We see that the human mind has the ability to learn about all the things of this world. And it has another, higher ability than this, to know itself and to know about this knowledge — this is knowledge of knowledge. And in this knowledge, it is close to the Borei Yisbarach. For when man is born, he is like an animal, and when he acquires knowledge, he attains a level above animals. If he gains great knowledge and wisdom, he goes far beyond the animal, and his consciousness rises to a very high level… And if it busies itself with thoughts of the Borei Yisbarach, he rises to an even higher level and rises exponentially, for then it encompasses all the levels of knowledge. (Sefer Hayashar of Rabbeinu Tam, section 5)

Our human minds have a capacity for contemplation of G-d’s cosmic presence beyond our immediate desires, and accordingly, we may interpret Rebbi’s advice on a deeper level of “Da mah l’maalah — mimcha”: Know that what is Above is within you. (See Nefesh HaChaim, Chapter 6.)

If one attains and develops objective self-awareness, it can serve to repel any urge to sin. But Rebbi adds a free bonus:

“And all your deeds are recorded in a book.”
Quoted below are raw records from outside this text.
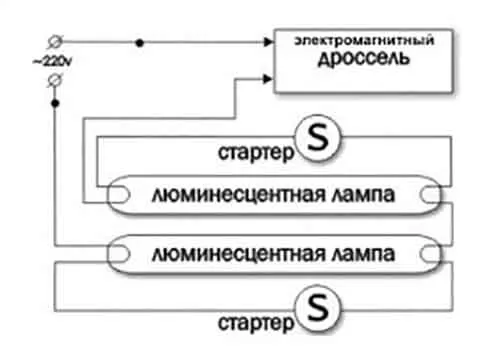 Соединение двух источников света с дросселем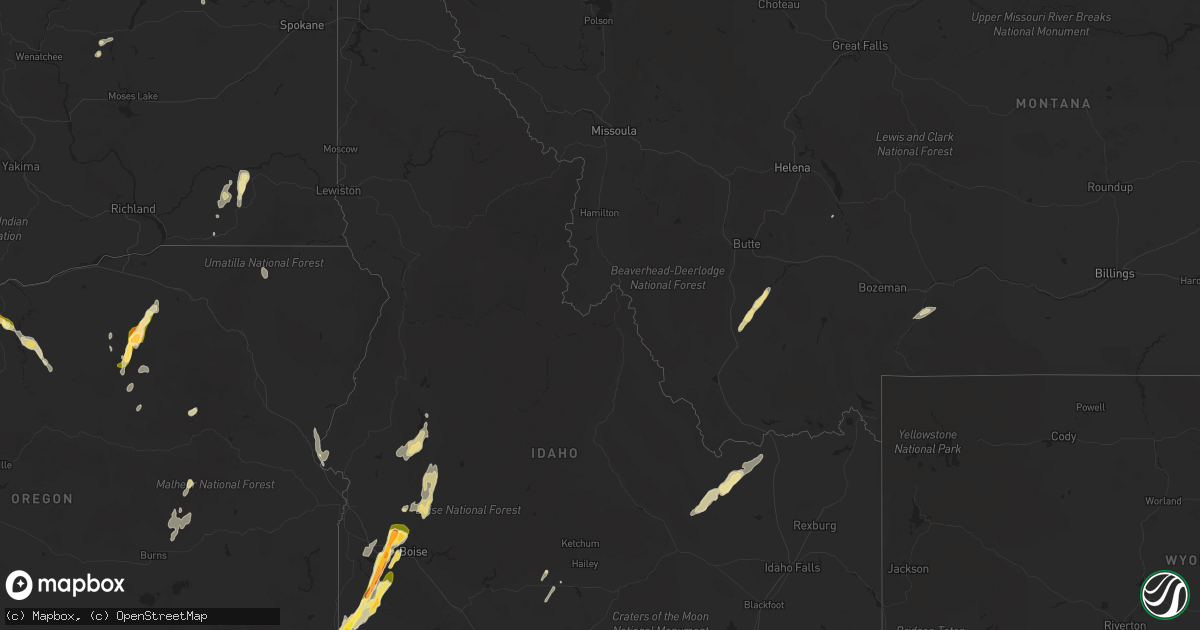 Hail map in Idaho on September 5, 2013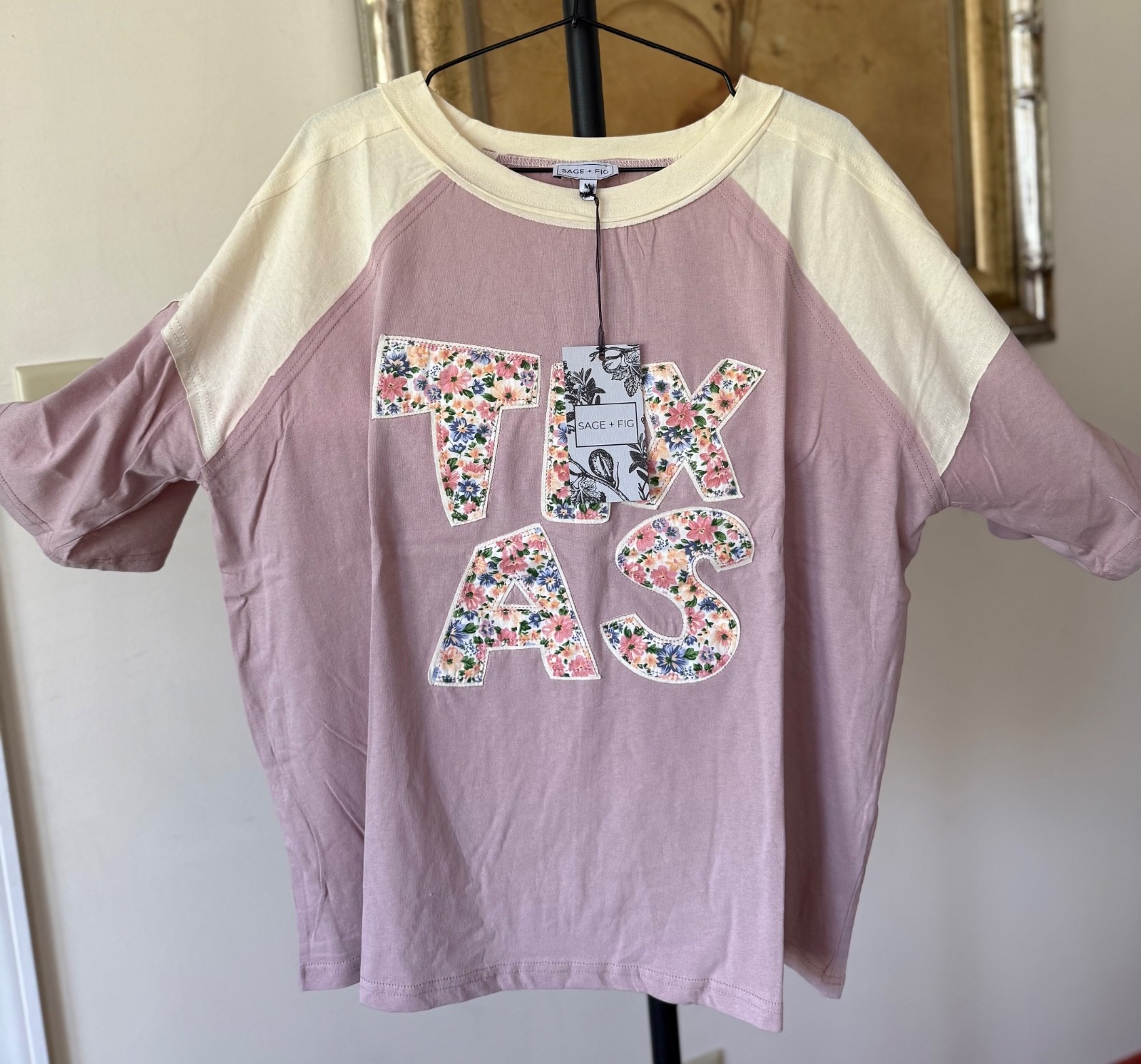 Sage + Fig “TEXAS” Patchwork T Mauve ans Cream NWT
What is this “book” Rebbi speaks of? Where is it, and when are man’s deeds recorded in it?

On Rosh Hashanah, we plead, “Kasveinu b’sefer hachaim.” Rav Dessler explains that the “book” in which Hashem writes “is the consciousness of man, in which all acts and thoughts are recorded, and hence ‘all your deeds are recorded in a book’; ‘books of the living and books of the dead’; ‘every man’s hand seals it and it will be read out by itself’ ” (Michtav Me’Eliyahu, Vol. IV, p. 92).

Your every act, says Rebbi, your every thought and emotion, is engraved on your soul, and this mass of data makes you what you are. In the language of modern science, if you get upset, that anger is stored somewhere in your brain cells, and if you get upset again, not only is that anger, too, stored in your brain cells, but the original anger is awakened along with it, underpinning the new anger and reinforcing it. It is this stored data that forms our habits, for better or for worse. Our positive and negative behaviors trigger chemical changes in the brain as well. If all this is detectable in man’s outer shell, the physical brain, then surely parallel changes occur on the spiritual level, deep in the neshamah.

Thus, according to Rebbi, with every move we make, we create our own present and future selves. And although with our selective memory, we might forget past actions, nevertheless they are all there within us, guiding and shaping the personality that emerges.